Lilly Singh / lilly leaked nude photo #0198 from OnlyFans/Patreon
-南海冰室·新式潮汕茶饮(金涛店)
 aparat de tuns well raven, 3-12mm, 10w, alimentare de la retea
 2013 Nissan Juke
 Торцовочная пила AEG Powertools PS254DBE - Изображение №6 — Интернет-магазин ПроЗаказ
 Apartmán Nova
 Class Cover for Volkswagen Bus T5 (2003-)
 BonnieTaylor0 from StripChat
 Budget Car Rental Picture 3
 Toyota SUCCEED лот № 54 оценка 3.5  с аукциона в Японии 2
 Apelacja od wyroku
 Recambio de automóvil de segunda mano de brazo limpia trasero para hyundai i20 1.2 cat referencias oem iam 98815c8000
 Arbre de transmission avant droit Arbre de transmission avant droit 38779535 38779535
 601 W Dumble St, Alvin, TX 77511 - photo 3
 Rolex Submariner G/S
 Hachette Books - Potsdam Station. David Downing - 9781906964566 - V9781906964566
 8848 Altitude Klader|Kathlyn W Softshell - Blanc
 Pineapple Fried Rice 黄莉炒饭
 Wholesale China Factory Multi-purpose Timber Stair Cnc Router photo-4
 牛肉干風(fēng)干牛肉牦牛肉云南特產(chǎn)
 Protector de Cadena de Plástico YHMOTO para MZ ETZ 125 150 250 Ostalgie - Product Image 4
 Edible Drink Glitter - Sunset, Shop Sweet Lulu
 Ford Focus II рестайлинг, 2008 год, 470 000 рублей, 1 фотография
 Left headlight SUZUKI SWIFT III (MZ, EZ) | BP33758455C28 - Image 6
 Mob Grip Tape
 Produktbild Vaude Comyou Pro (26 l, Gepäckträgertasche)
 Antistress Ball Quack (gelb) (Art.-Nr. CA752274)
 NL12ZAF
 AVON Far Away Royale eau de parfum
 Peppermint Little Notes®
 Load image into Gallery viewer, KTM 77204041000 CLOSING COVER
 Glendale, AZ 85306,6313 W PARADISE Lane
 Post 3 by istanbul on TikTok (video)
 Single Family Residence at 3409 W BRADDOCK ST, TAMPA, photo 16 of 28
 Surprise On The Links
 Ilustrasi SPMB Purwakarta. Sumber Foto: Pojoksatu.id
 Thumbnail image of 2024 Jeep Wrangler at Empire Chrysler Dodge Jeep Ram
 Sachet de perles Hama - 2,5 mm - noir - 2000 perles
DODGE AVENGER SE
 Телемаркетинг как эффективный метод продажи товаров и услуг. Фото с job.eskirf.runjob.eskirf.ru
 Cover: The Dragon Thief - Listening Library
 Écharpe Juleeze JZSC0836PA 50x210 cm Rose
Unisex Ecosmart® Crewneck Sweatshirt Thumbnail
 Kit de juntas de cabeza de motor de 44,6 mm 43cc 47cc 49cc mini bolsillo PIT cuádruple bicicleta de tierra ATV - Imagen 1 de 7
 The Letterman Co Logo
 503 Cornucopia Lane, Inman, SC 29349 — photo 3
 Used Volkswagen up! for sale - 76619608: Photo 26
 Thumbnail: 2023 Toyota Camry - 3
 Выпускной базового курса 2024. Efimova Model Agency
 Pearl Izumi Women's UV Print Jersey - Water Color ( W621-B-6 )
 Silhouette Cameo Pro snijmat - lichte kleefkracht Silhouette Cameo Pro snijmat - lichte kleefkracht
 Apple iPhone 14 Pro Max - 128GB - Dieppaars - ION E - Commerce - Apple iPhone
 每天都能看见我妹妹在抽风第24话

Problem to solve: Please return the records above in their exact form.

Answer section:
Lilly Singh / lilly leaked nude photo #0198 from OnlyFans/Patreon
-南海冰室·新式潮汕茶饮(金涛店)
 aparat de tuns well raven, 3-12mm, 10w, alimentare de la retea
 2013 Nissan Juke
 Торцовочная пила AEG Powertools PS254DBE - Изображение №6 — Интернет-магазин ПроЗаказ
 Apartmán Nova
 Class Cover for Volkswagen Bus T5 (2003-)
 BonnieTaylor0 from StripChat
 Budget Car Rental Picture 3
 Toyota SUCCEED лот № 54 оценка 3.5  с аукциона в Японии 2
 Apelacja od wyroku
 Recambio de automóvil de segunda mano de brazo limpia trasero para hyundai i20 1.2 cat referencias oem iam 98815c8000
 Arbre de transmission avant droit Arbre de transmission avant droit 38779535 38779535
 601 W Dumble St, Alvin, TX 77511 - photo 3
 Rolex Submariner G/S
 Hachette Books - Potsdam Station. David Downing - 9781906964566 - V9781906964566
 8848 Altitude Klader|Kathlyn W Softshell - Blanc
 Pineapple Fried Rice 黄莉炒饭
 Wholesale China Factory Multi-purpose Timber Stair Cnc Router photo-4
 牛肉干風(fēng)干牛肉牦牛肉云南特產(chǎn)
 Protector de Cadena de Plástico YHMOTO para MZ ETZ 125 150 250 Ostalgie - Product Image 4
 Edible Drink Glitter - Sunset, Shop Sweet Lulu
 Ford Focus II рестайлинг, 2008 год, 470 000 рублей, 1 фотография
 Left headlight SUZUKI SWIFT III (MZ, EZ) | BP33758455C28 - Image 6
 Mob Grip Tape
 Produktbild Vaude Comyou Pro (26 l, Gepäckträgertasche)
 Antistress Ball Quack (gelb) (Art.-Nr. CA752274)
 NL12ZAF
 AVON Far Away Royale eau de parfum
 Peppermint Little Notes®
 Load image into Gallery viewer, KTM 77204041000 CLOSING COVER
 Glendale, AZ 85306,6313 W PARADISE Lane
 Post 3 by istanbul on TikTok (video)
 Single Family Residence at 3409 W BRADDOCK ST, TAMPA, photo 16 of 28
 Surprise On The Links
 Ilustrasi SPMB Purwakarta. Sumber Foto: Pojoksatu.id
 Thumbnail image of 2024 Jeep Wrangler at Empire Chrysler Dodge Jeep Ram
 Sachet de perles Hama - 2,5 mm - noir - 2000 perles
DODGE AVENGER SE
 Телемаркетинг как эффективный метод продажи товаров и услуг. Фото с job.eskirf.runjob.eskirf.ru
 Cover: The Dragon Thief - Listening Library
 Écharpe Juleeze JZSC0836PA 50x210 cm Rose
Unisex Ecosmart® Crewneck Sweatshirt Thumbnail
 Kit de juntas de cabeza de motor de 44,6 mm 43cc 47cc 49cc mini bolsillo PIT cuádruple bicicleta de tierra ATV - Imagen 1 de 7
 The Letterman Co Logo
 503 Cornucopia Lane, Inman, SC 29349 — photo 3
 Used Volkswagen up! for sale - 76619608: Photo 26
 Thumbnail: 2023 Toyota Camry - 3
 Выпускной базового курса 2024. Efimova Model Agency
 Pearl Izumi Women's UV Print Jersey - Water Color ( W621-B-6 )
 Silhouette Cameo Pro snijmat - lichte kleefkracht Silhouette Cameo Pro snijmat - lichte kleefkracht
 Apple iPhone 14 Pro Max - 128GB - Dieppaars - ION E - Commerce - Apple iPhone
 每天都能看见我妹妹在抽风第24话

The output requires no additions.